Mitigation of loss and lapsed MOT certificates: Ali v HSF

By Douglas Brodie - Posted on 21 January 2025

The decision of the Court of Appeal in Ali v HSF [2024] EWCA Civ 1479 dealt with the mundane instance of a minor road traffic accident. The defendant’s lorry had driven into the back of the claimant’s parked and unattended Volvo causing damage to the vehicle. That unremarkable scenario would normally have provoked little interest but the fact that the Volvo did not have a valid MOT at the time of the collision changed that position. The absence of a MOT allowed the defendant to invoke the defence of illegality.

The defence of illegality 

The defence of illegality may prevent a claim in negligence succeeding: “you cannot recover damage which is the consequence of your own criminal act.”  In Patel v Mirza [2016] UKSC 42 at paragraph 107 the Supreme Court explained that proportionality lies at the heart of the modern approach to the application of the defence:

Potentially relevant factors include the seriousness of the conduct…whether it was intentional and whether there was marked disparity in the parties’ respective culpability.

The decision of the High Court  

The defence can play a decisive part in lapsed MOT cases. If it had been fully deployed in the case at hand, it would have prevented recovery for all the losses caused by the collision.

In the High Court ([2023] EWHC 2159), the judge (Spencer J.) had held that the defence of illegality failed and compensation arose for the damage to the vehicle itself, applying a test of proportionality. This aligned with the approach adopted by the first-instance judge (Mr Recorder Charman) in the County Court at Warwick.

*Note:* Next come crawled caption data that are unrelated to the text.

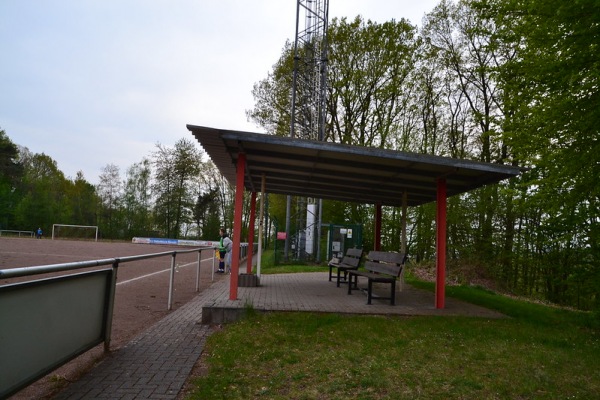 Sportplatz Mömelshof - Bitzen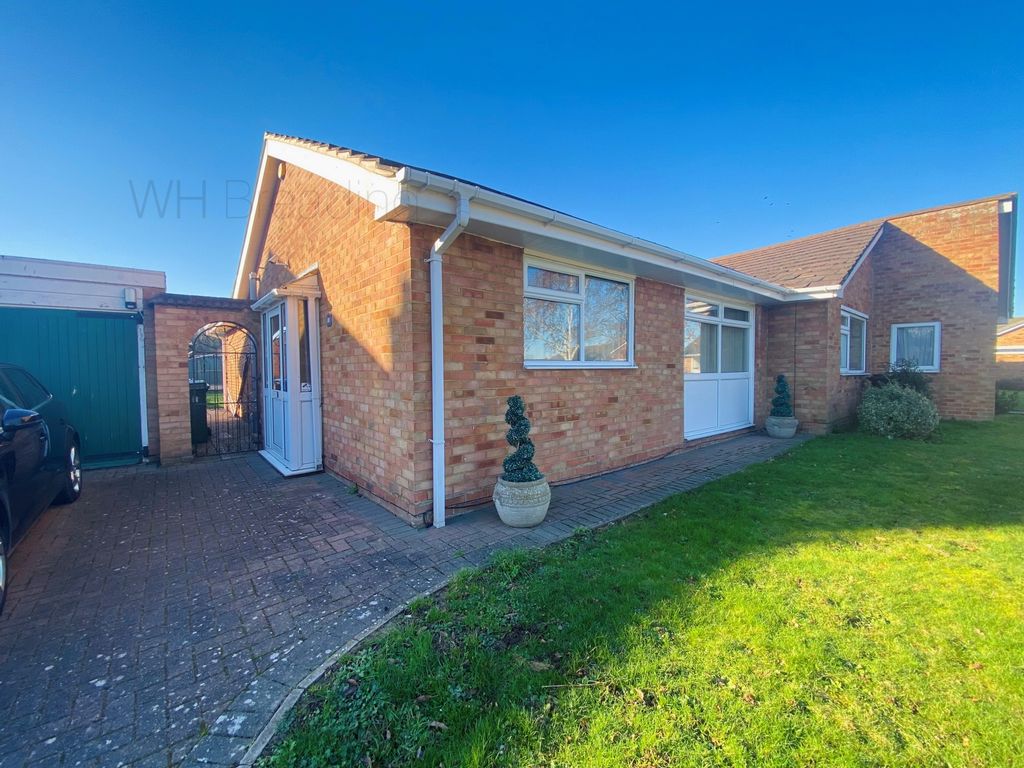 2 bed bungalow to rent in Wells Way, Faversham ME13, £1,400 pcm Zoopla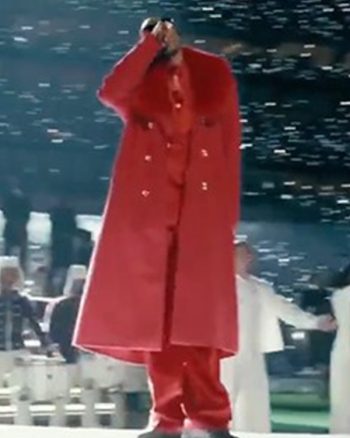 Snoops-Holiday-Halftime-Party-Snoop-Dogg-Red-Coat2.jpg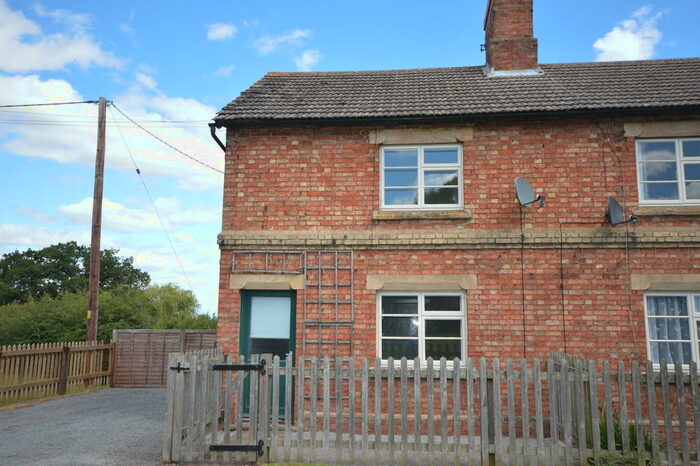 3 Bedroom Cottage To Rent In Morborne, Peterborough, PE7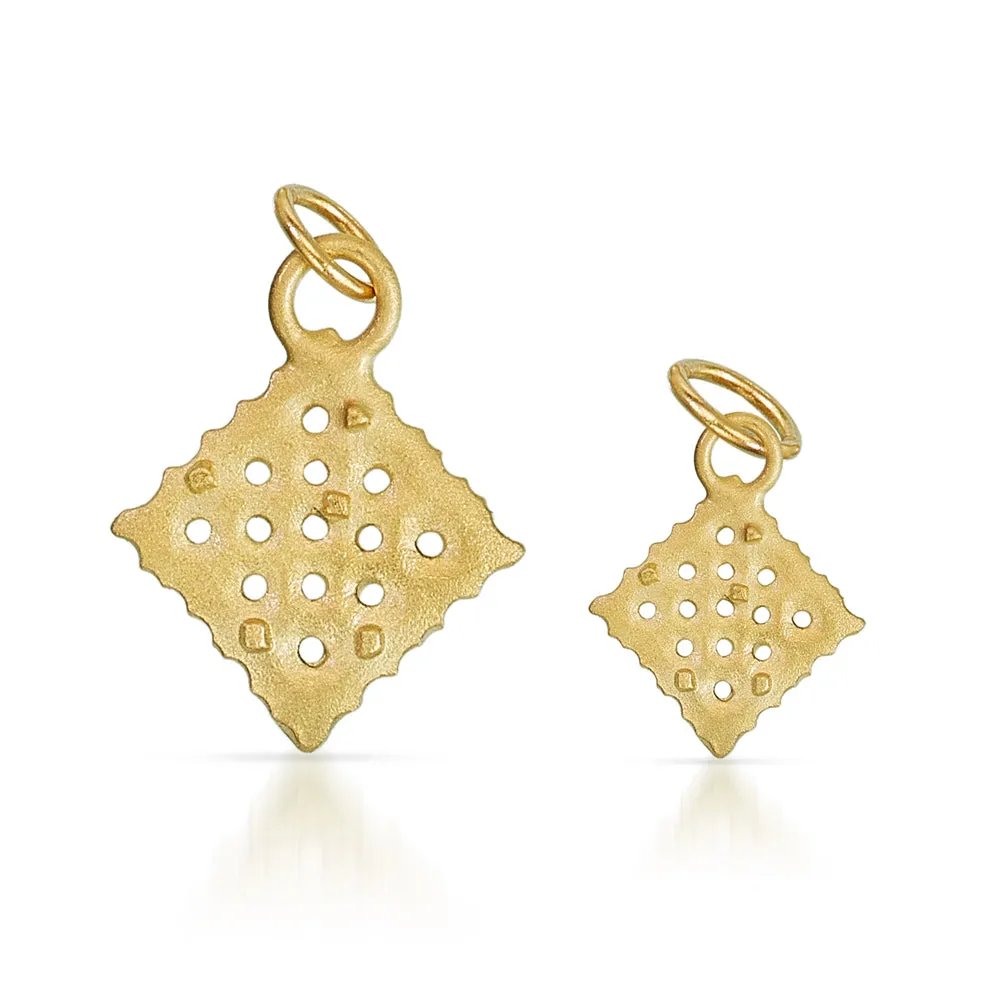 Cracker Charm in Gold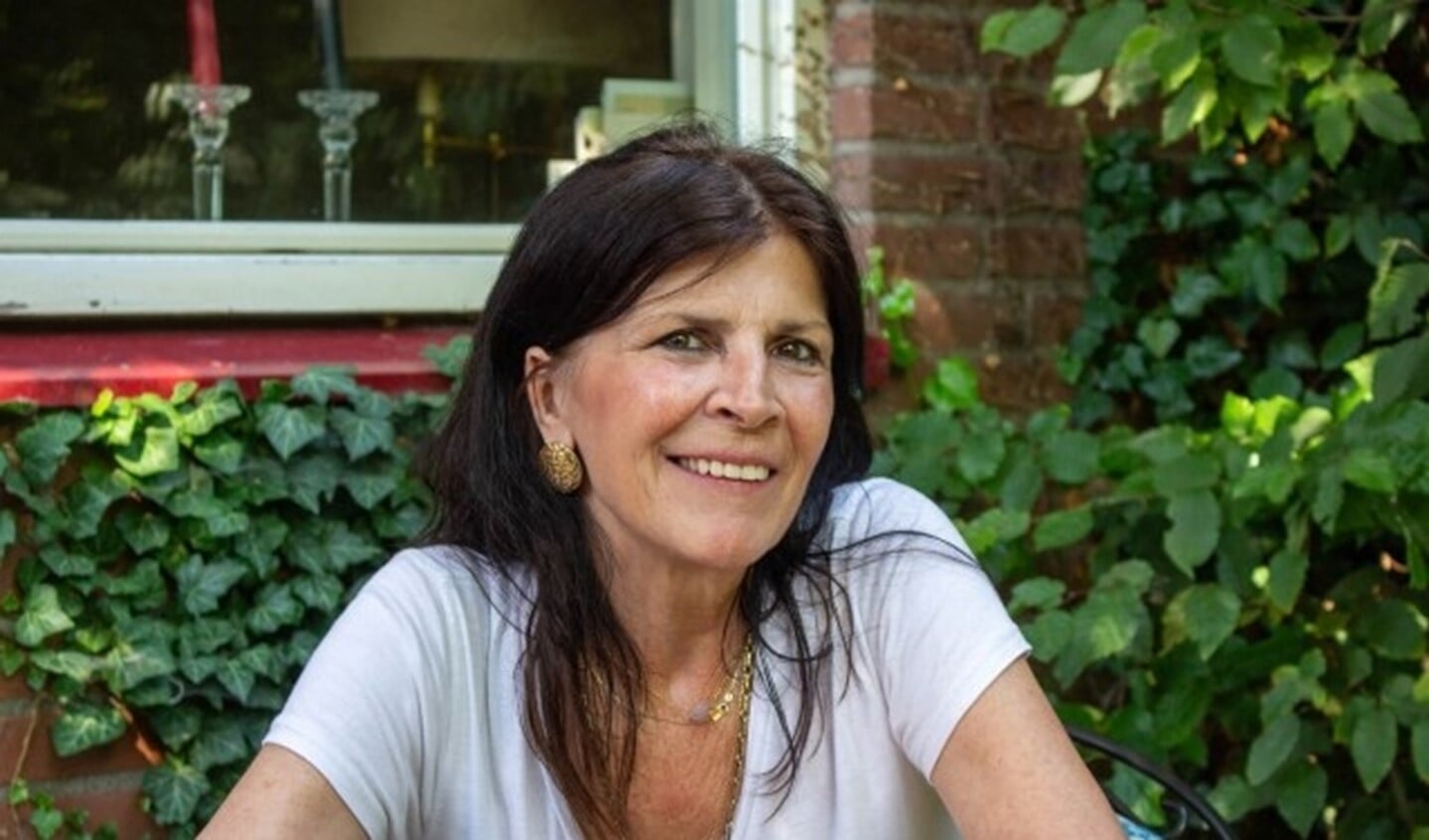 Filosofe Karin Melis is de gast in het AD Café van zondag 8 december.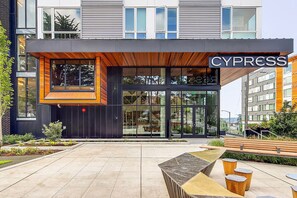 Exterior detail - Sleek First Hill 1BR w/ Gym, BBQ & Lounge, nr soccer field, by Blueground (Seattle)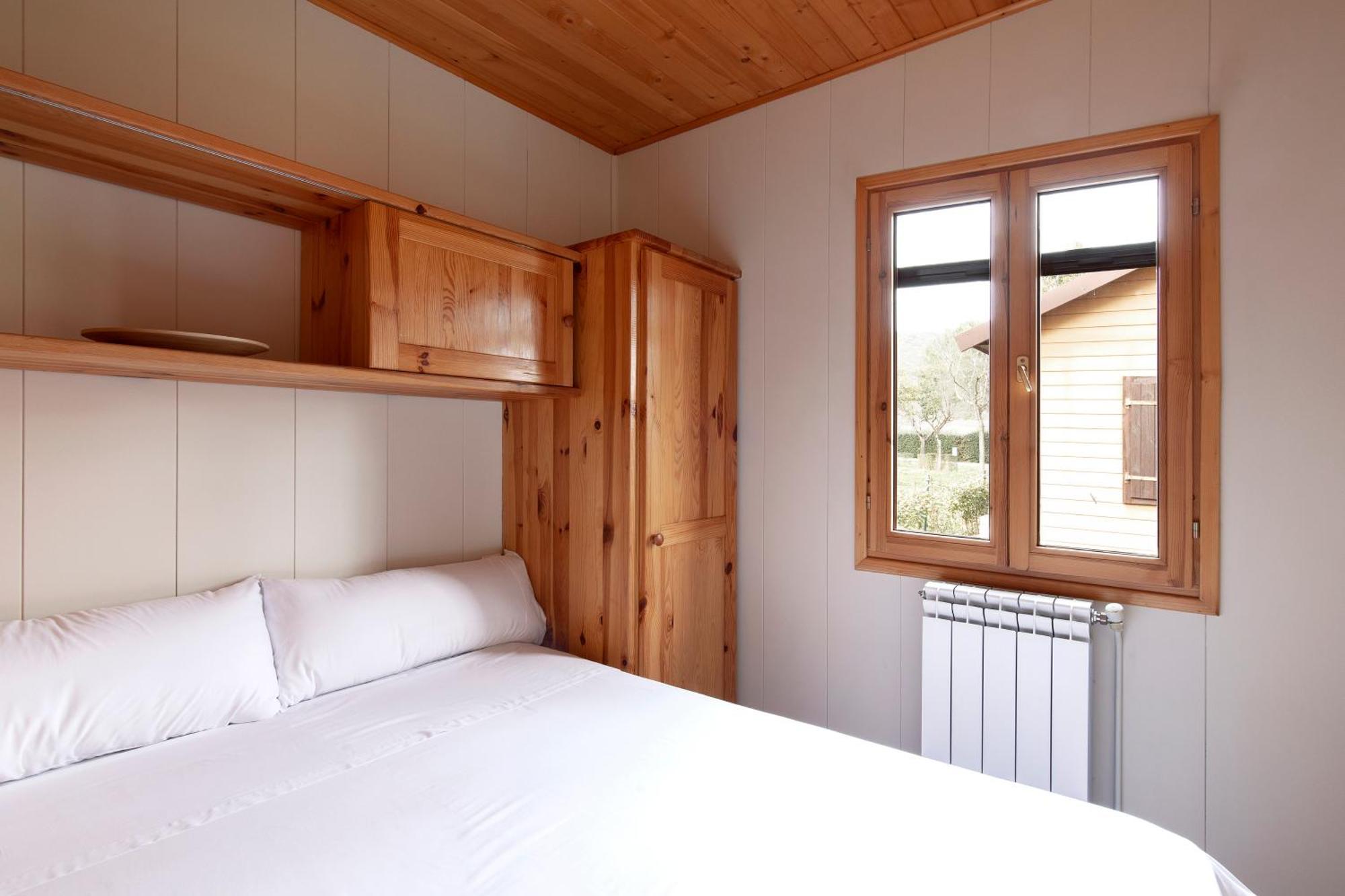 Wecamp Pirineos Hotel Boltana Bilik gambar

The claimant’s wrongdoing was not viewed as particularly serious given the circumstances surrounding the absence of a MOT. The conclusion on illegality was not contested by the defendant before the Court of Appeal though the Court indicate their agreement with it. Complete denial of a claim may well be too harsh, as the following hypothetical example given by Spencer J. (at paragraph 16) indicates:

One can well understand that if a Claimant, perhaps the owner of a 4-year-old Jaguar which is otherwise in perfect condition, had inadvertently allowed his MOT to expire for a few days – which I surmise may not be uncommon where no MOT reminder is automatically sent out to vehicle owners and the alert comes when, for example, the vehicle needs to be taxed or insured – it would be regarded as disproportionate to disallow all claims, including for recovery, repair and hire costs, which would potentially run into many thousands of pounds, on the grounds of “ex turpi causa”.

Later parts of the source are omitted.